Raiders! shows how The Greatest Fan Film Ever Made got made
Raiders Of The Lost Ark: The Adaptation truly has to be seen to be believed. In the summer of 1982, three pre-teen kids in Mississippi—Chris Strompolos, Eric Zala, and Jayson Lamb—decided to make a shot-for-shot remake of Steven Spielberg’s movie, almost entirely from memory. (Home video didn’t really exist yet when they started, so they had no means of revisiting the original, apart from a brief re-release.) This endeavor wound up consuming the next seven summers of their lives, all the way through high school and into college. It was then forgotten until 2002, when director Eli Roth, who’d received a VHS copy from a friend years earlier, brought it to the attention of Harry Knowles, who showed the first 45 minutes or so during a meal break at that year’s Butt-Numb-A-Thon festival. The Adaptation quickly became a cult sensation, with screenings in various cities across the country. Spielberg himself saw it and met with the now-grown filmmakers to tell them how inspiring he found their youthful enthusiasm. And then it was forgotten again, in part because copyright issues make an ordinary DVD release and/or streaming deal impossible.
That’s a shame, as every Raiders fan should experience The Adaptation, marveling each time those crazy kids succeed in replicating a scene (most notably the lengthy truck chase in the desert) that would seemingly be impossible for teen amateurs to pull off. One scene genuinely was too much for them: They never did manage to film Indiana Jones (played by Strompolos in their version—part of the fun is watching his age change repeatedly over the course of the movie, which was shot out of sequence) facing off against a musclebound bald Nazi, inches away from a spinning airplane propellor. Raiders!: The Story Of The Greatest Fan Film Ever Made chronicles the trio’s belated effort, just a couple of years ago, to finally finish the project they’d begun over three decades earlier. At the same time, the documentary serves as an oral history of their teenage adventures, with participants reminiscing about the time they very nearly burned Zala’s house down filming the scene in which Marion’s bar goes up in flames, for example. Fair-use clips from The Adaptation provide at least some sense of what a mammoth undertaking it was.

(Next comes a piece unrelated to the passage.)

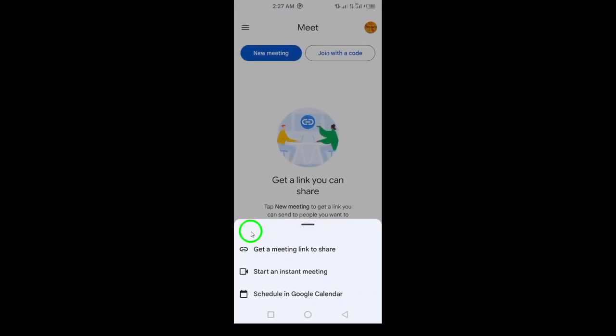Next, we have the Start an Instant Meeting option. Choosing this will kick off a meeting right away. You can then share the invite link with anyone you want to join.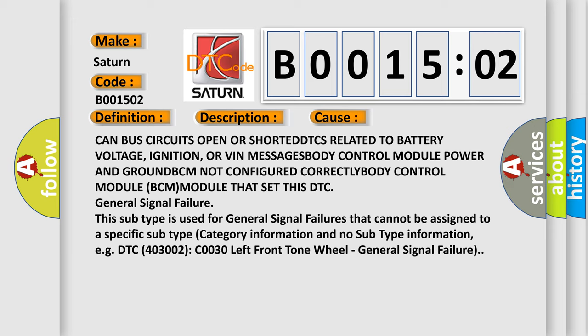...or VIN messages, body control module power and ground, BCM not configured correctly, body control module (BCM) that set this DTC general signal failure.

For a while, Raiders! seems like a poor substitute for the real thing. The oral-history aspect is standard talking-heads material (bizarrely edited by Barry Poltermann and co-director Tim Skousen, who for some reason keep fading out on heads while they’re still talking), and the present-day shoot of the long-missing airplane scene lacks the adolescent charm that’s always made The Adaptation so much fun—now it’s just a group of middle-aged dudes trying to achieve something without the requisite knowledge or experience. As the shoot repeatedly gets rained out, however, and Zala attempts to negotiate extra vacation days from his day job (with a boss who’s clearly fed up with the whole thing and on the verge of firing him), the extent to which these men are still consumed with the abandoned dreams of their youth lends the movie a certain poignance. Orson Welles famously called filmmaking “the biggest electric-train set any boy ever had,” and Raiders! captures that spirit without inviting the mockery that, say, American Movie does. Yes, these guys are in their 40s now, working with an actual effects crew, but they’re still essentially the same ardent idealists, determined to make the impossible happen. Spielberg would surely still approve.